John's books frequently appear serialized in the New Yorker. Over the years I've read all of his 29 books. Many of his books like 'Basin to Range' are slow, many would consider them dull" because they're primarily about geology. But individually and collectively they're my favorite books and I reread them on a regular basis.
They're intensely interesting: 'Coming into the Country' is a collection of stories about the people of Alaska (way pre Sarah Palin), Informative to a fault: 'Oranges'
and wonderfully absorbing, his newest, 'Uncommon Carriers'.
'Uncommon Carriers': Again an overview: "Over the past eight years, John McPhee has spent considerable time in the company of people who work in freight transportation. Uncommon Carriers is his sketchbook of them and of his journeys with them. He rides from Atlanta to Tacoma alongside Don Ainsworth, owner and operator of a sixty-five-foot, eighteen-wheel chemical tanker carrying hazmats. McPhee attends ship-handling school on a pond in the foothills of the
French Alps, where, for a tuition of $15,000 a week, skippers of the largest ocean ships refine their capabilities in twenty-foot scale models. He goes up the “tight-assed” Illinois River on a “towboat” pushing a triple string of barges, the overall vessel being “a good deal longer than the Titanic.” And he travels by canoe up the canal-and-lock commercial waterways traveled by Henry David Thoreau and his brother, John, in a homemade skiff in 1839.

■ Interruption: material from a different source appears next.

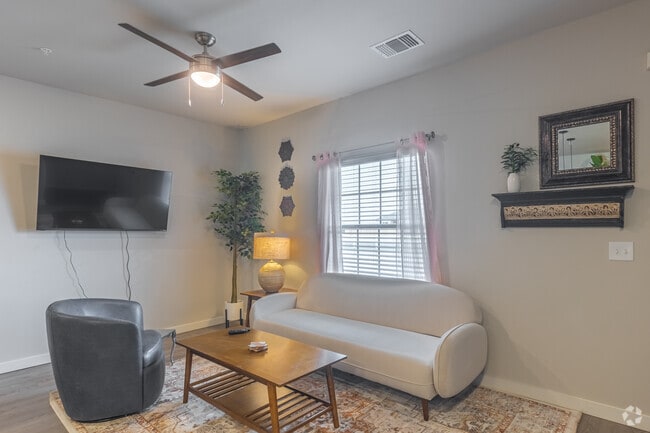 1BR, 1BA - 707SF - Living Room - Palomino Pointe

Uncommon Carriers is classic work by McPhee, in prose distinguished, as always, by its author’s warm humor, keen insight, and rich sense of human character." I enjoyed this book so much that I tried to read just a few pages a day to make it last, reading other books the rest of the time
His little book, 'the making of a bark canoe' is classic McPhee. Full of painstaking detail about one young man's obsession with making authentic bark canoes, with simple tools, and canoeing trips with him to test them.
John McPhee is an avid outdoorsman. It permeates his books.
His books grown on one, become old friends and companions in life. A calm accurate, enthralling and literate observer of the worlds he discovers for the rest of us. Perhaps the best counter to too much fast and electronic information that I know of in out interactive, online, plugged in world, which I love also.